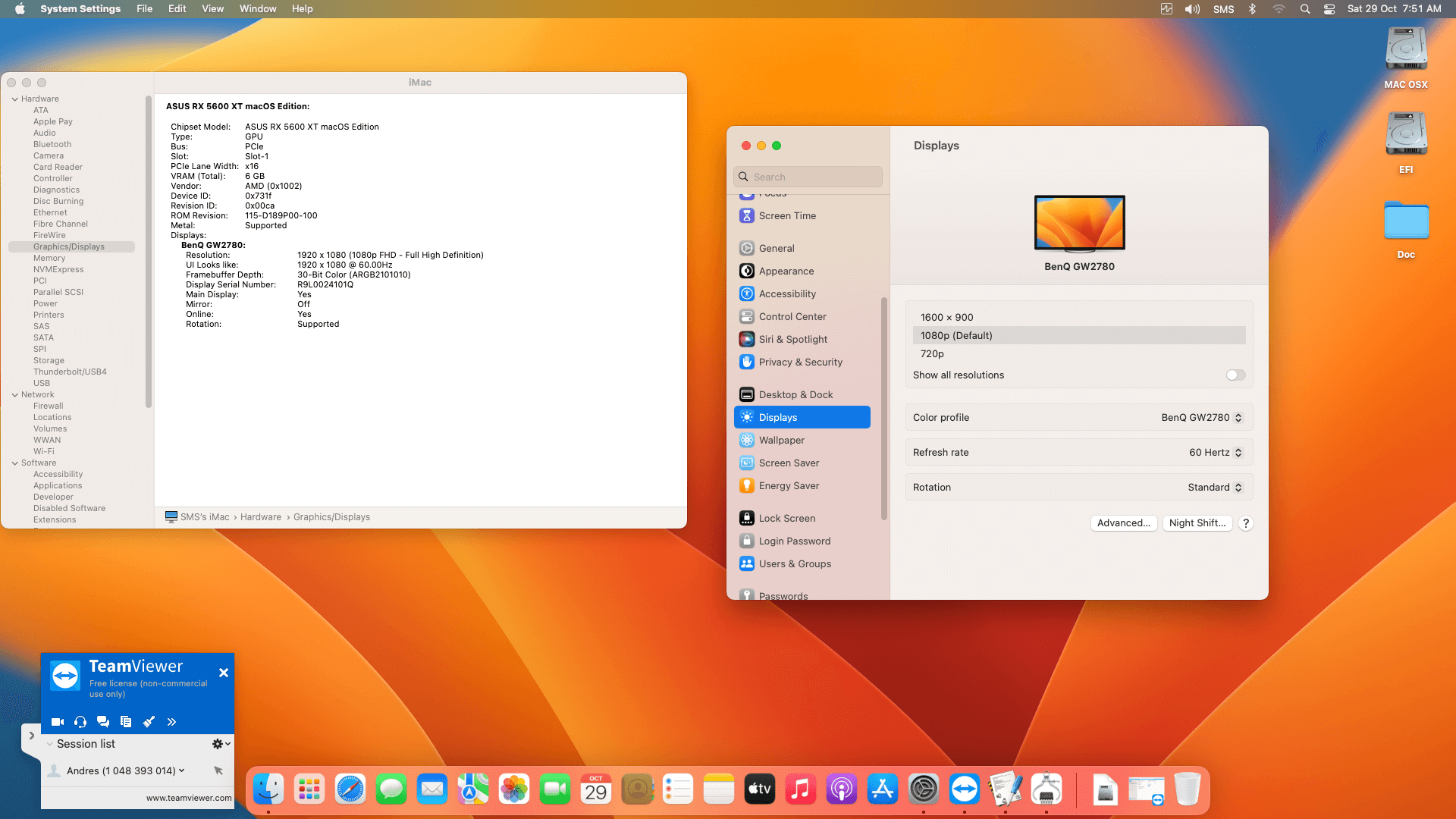 Gigabyte Z490 UD AC + Intel Core i9 10850K + Asus RX 5600 XT OpenCore 5
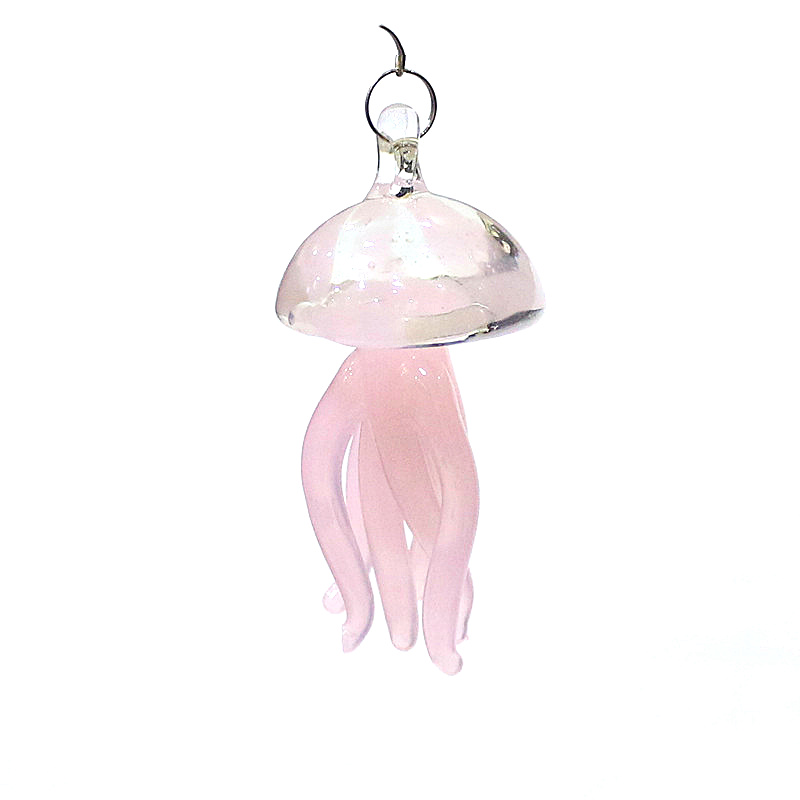 Pink Jellyfish Glass Pendant C - Marine Aquarium Decorations 评论和价格
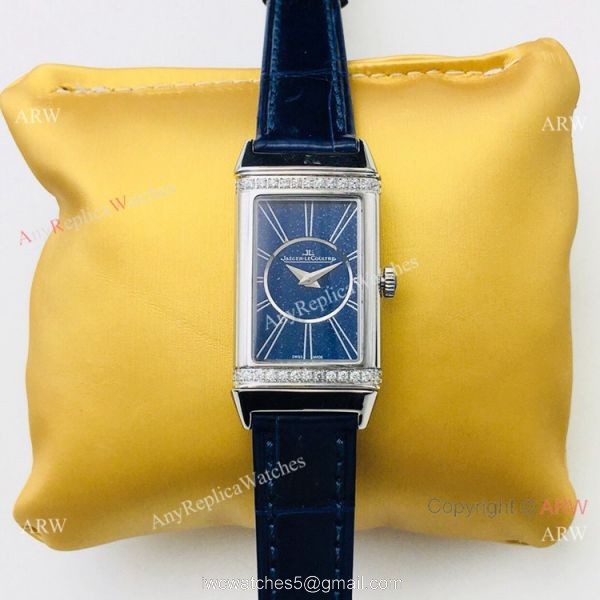 2020 Swiss Grade Jaeger-LeCoultre Reverso Duetto Watch Blue Diamond 6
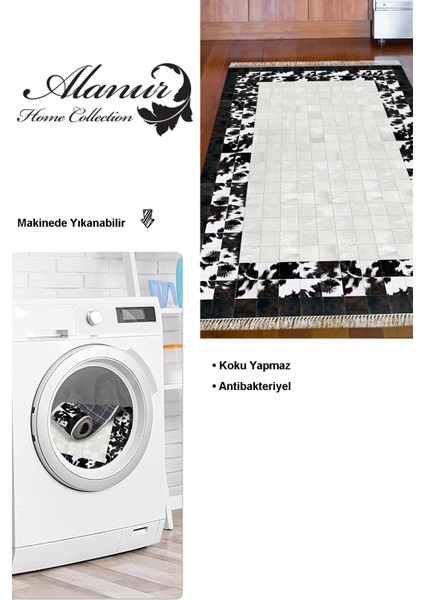 Dijital Mutfak Halısı Star Pamuk Kaymaz Taban Saçaklı Modern Mallow Siyah
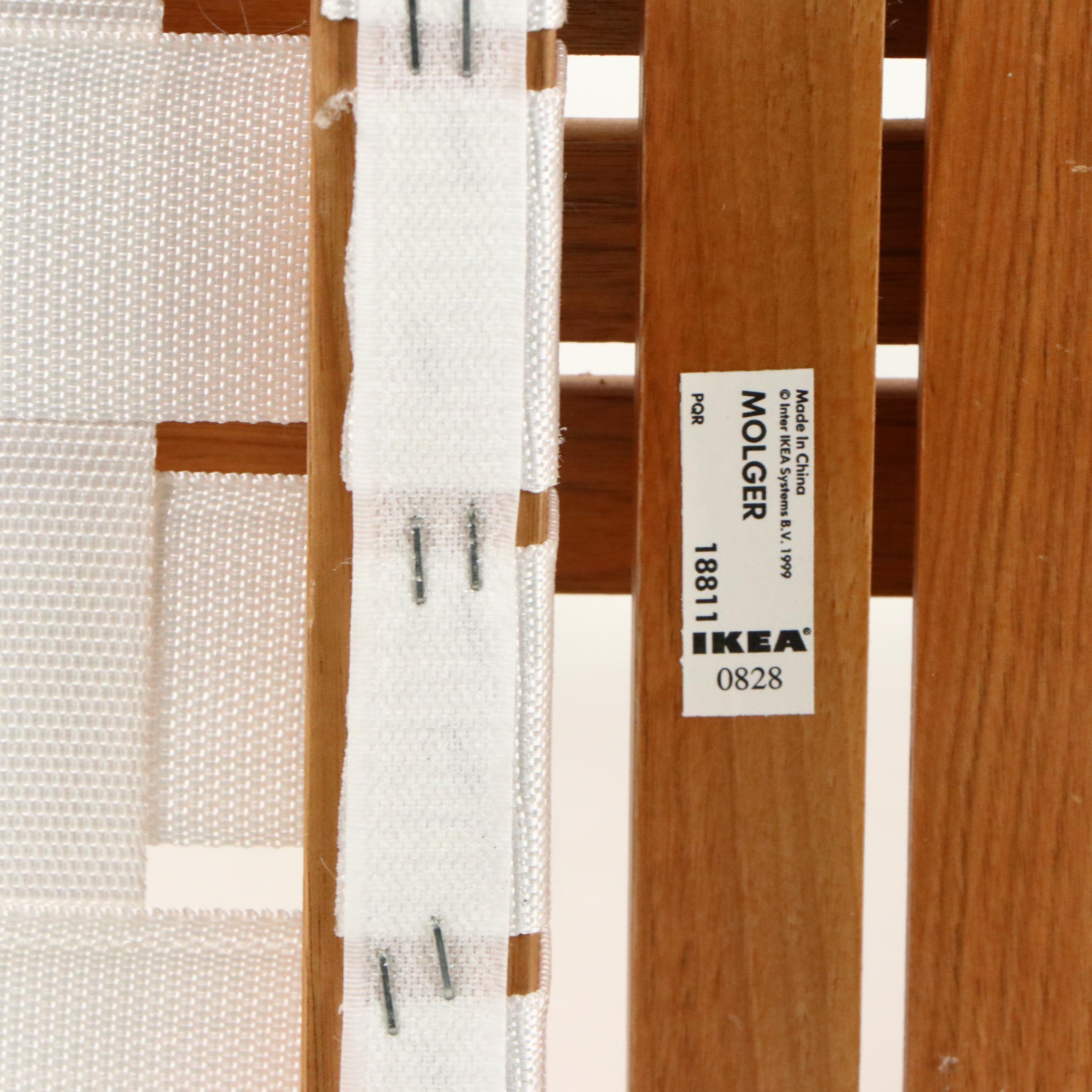 Teak Folding Table with IKEA "Molger" Storage Bench and Metal Chair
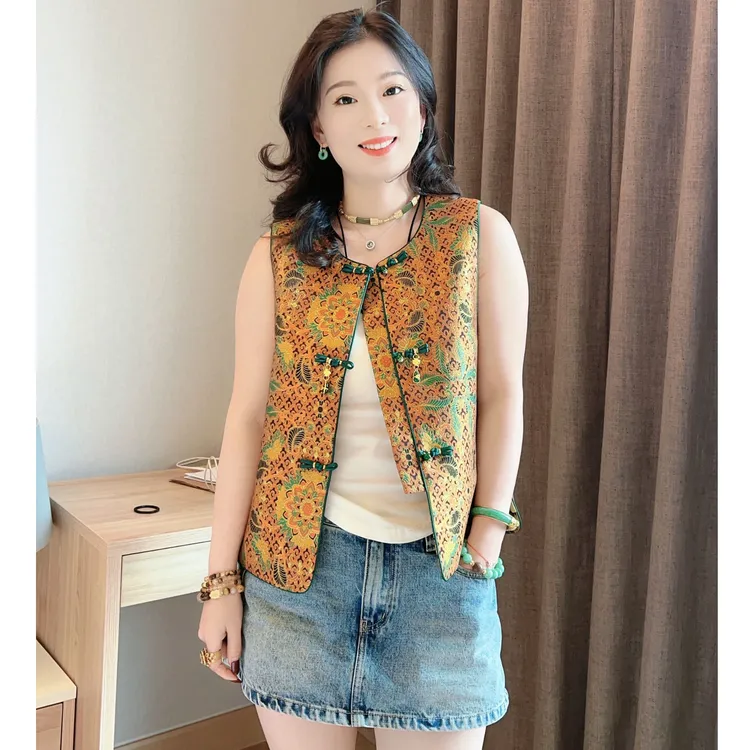 【沐晨】新中式国风高端宋锦马甲女装2025秋新款宝相花提花国风马甲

=-=-=

== WHAT YOU SHOULD DO ==
Return every entry above exactly. Pictures stay out.

== EXERCISE ANSWER ==
 Gigabyte Z490 UD AC + Intel Core i9 10850K + Asus RX 5600 XT OpenCore 5
 Pink Jellyfish Glass Pendant C - Marine Aquarium Decorations 评论和价格
 2020 Swiss Grade Jaeger-LeCoultre Reverso Duetto Watch Blue Diamond 6
 Dijital Mutfak Halısı Star Pamuk Kaymaz Taban Saçaklı Modern Mallow Siyah
 Teak Folding Table with IKEA "Molger" Storage Bench and Metal Chair
 【沐晨】新中式国风高端宋锦马甲女装2025秋新款宝相花提花国风马甲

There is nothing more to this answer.